### Your assignment
Leaving out pictures, output exactly the lines below from the one that has "Repair Of Gold" through the one that has "A dining area", and nothing else.

### Data for processing

------------------------------------

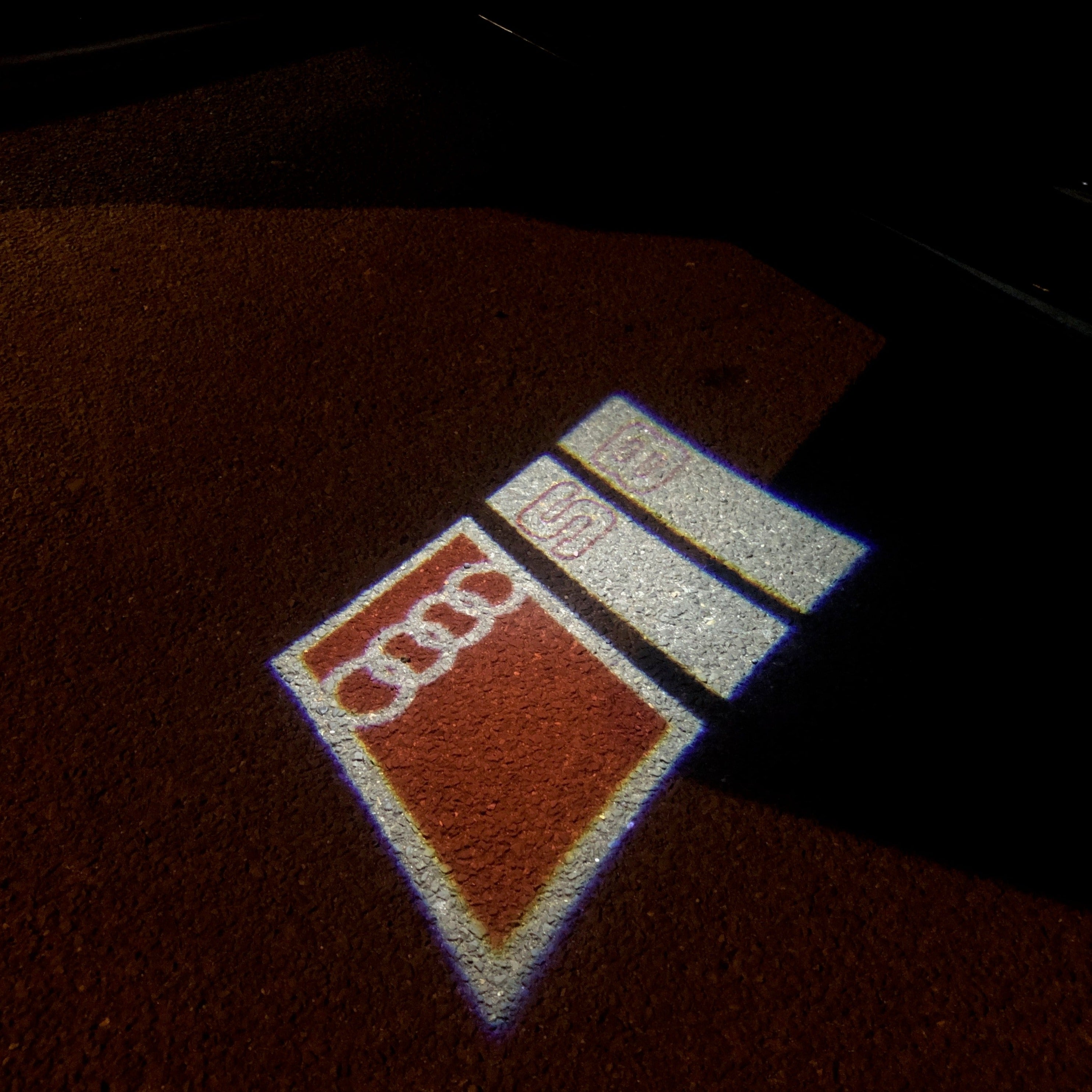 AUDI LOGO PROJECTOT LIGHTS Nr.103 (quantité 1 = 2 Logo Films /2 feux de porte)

------------------------------------

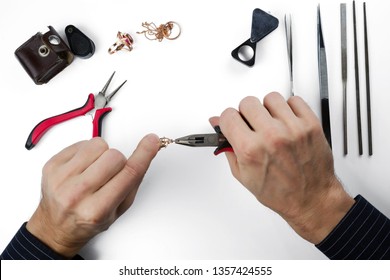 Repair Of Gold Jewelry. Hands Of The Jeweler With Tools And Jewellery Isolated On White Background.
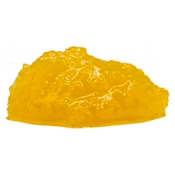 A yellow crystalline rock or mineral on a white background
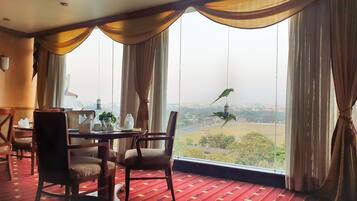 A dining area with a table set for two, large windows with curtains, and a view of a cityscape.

------------------------------------

### Written response
 Repair Of Gold Jewelry. Hands Of The Jeweler With Tools And Jewellery Isolated On White Background.
 A yellow crystalline rock or mineral on a white background
 A dining area with a table set for two, large windows with curtains, and a view of a cityscape.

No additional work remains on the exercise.